The listicle is a boon for content marketers, but there are signs that the format has begun a descent toward flabby link bait. These pieces are fast to produce, but they have to be good or they will flame out, even as easily digested nuggets for short attention spans. This Wednesday, Business Insider ran an article under its Strategy section called “7 Things The Most Interesting People All Have In Common.” The advice included such gems as, “don’t be boring” and “have three good stories.”
I’m bothered by this for several reasons—it’s lazy writing to begin with, but the foremost reason being: how is this strategy? Are we being asked to adopt these 7 things because only then we will be interesting?
Here’s another: “What 16 Successful People Read In the Morning.” The first example in the list: Warren Buffet. What does he read? Take a guess—go ahead. Did you guess The Wall Street Journal? The New York Times? USA Today? You are right. That’s what he’s reading. And guess what—so are millions of other people who are not nearly as successful as Warren Buffett.

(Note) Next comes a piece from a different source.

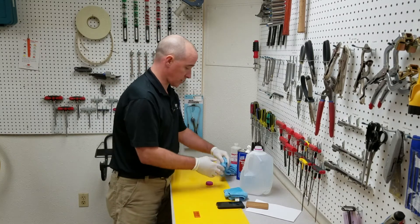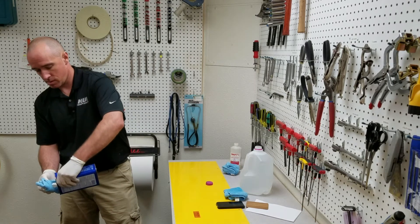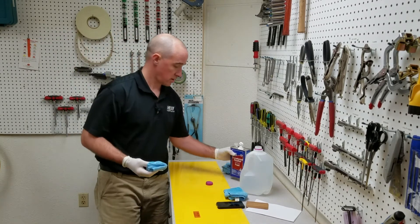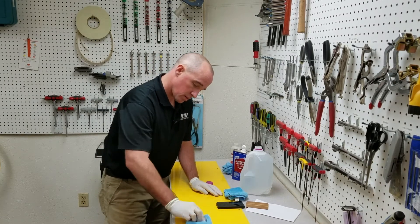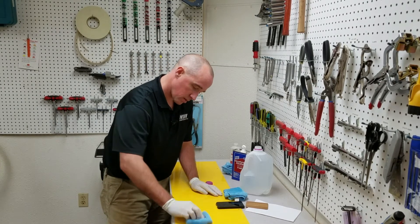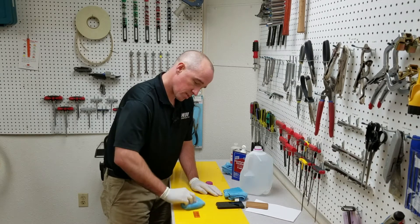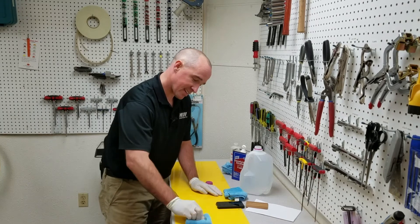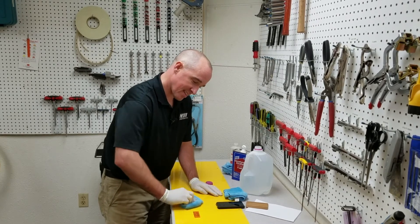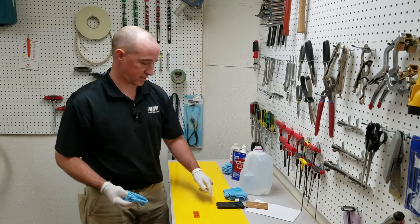Reset our timer, go to our next solvent, denatured alcohol. Okay, that's 15. Looks good so far.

Listicles can be fun, light reading. Or to provide utility and sound advice. But it seems that too many listicles are being assigned and created with the wrong intention in mind—simply to generate traffic, quick and dirty.
In the spirit of this blog post, I will refrain from giving you, dear reader, a numbered list of listicle best practices. But as marketers, let’s recognize that listicles that give users low value will give listicles a bad reputation and diminishing returns as a content marketing vehicle.